- _ACTION ITEM_: Beneath this sentence is a listing. Return its lines from the one containing "Newly mown hay meadow in the Highlands" through the last, exactly, and omit the pictures.

____

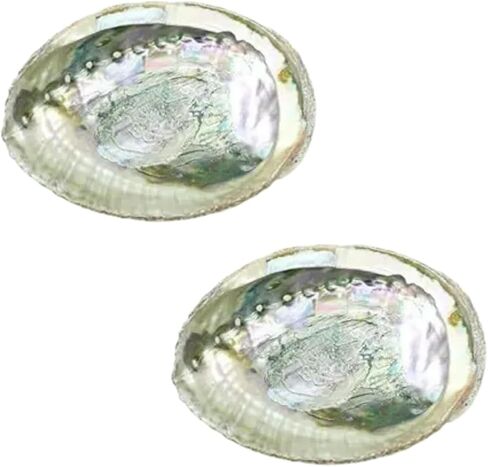 2Pcs Colorful Fashionable Large Abalone Shell Bowl, 4-4.5 Inch Exquisite Natural Sea Shell Smudge Bowl for Sage Burning and Incense for Decor, Display and Great Gift, Incense Holders, Decorations in Saudi Arabia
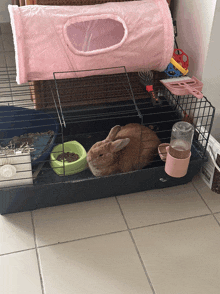 a rabbit is laying in a cage with a pink tunnel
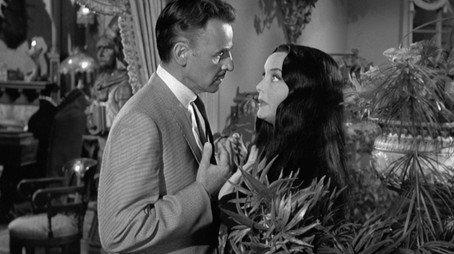 La famiglia Addams Stagione 1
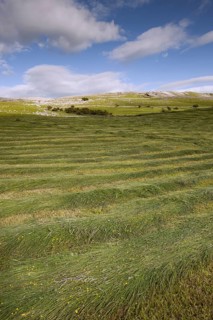 Newly mown hay meadow in the Highlands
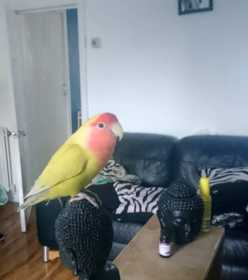 Lost Lovebird
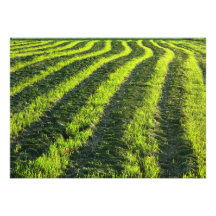 Backlit farmland personalized invite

____

- _ANSWER FOR THE TASK_:
 Newly mown hay meadow in the Highlands
 Lost Lovebird
 Backlit farmland personalized invite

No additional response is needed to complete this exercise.